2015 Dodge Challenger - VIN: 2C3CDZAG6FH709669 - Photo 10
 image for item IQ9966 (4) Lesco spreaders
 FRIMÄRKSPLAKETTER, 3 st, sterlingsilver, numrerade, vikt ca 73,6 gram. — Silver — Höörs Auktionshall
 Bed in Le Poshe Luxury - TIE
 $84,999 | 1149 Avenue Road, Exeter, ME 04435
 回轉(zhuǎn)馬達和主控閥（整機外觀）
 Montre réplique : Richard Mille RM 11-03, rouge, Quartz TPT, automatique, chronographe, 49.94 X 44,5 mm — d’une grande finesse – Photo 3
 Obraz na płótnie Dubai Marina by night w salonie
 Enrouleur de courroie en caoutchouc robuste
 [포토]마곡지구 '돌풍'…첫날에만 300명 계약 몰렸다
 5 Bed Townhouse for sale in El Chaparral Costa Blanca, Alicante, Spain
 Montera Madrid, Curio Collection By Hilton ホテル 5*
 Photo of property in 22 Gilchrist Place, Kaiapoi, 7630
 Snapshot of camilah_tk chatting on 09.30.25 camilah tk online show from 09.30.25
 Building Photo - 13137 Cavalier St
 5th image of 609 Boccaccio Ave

## What to work on:
With the line that contains "Photo of property" as the first and the final line of the data as the last, repeat every line in that span exactly.

## Task output:
 Photo of property in 22 Gilchrist Place, Kaiapoi, 7630
 Snapshot of camilah_tk chatting on 09.30.25 camilah tk online show from 09.30.25
 Building Photo - 13137 Cavalier St
 5th image of 609 Boccaccio Ave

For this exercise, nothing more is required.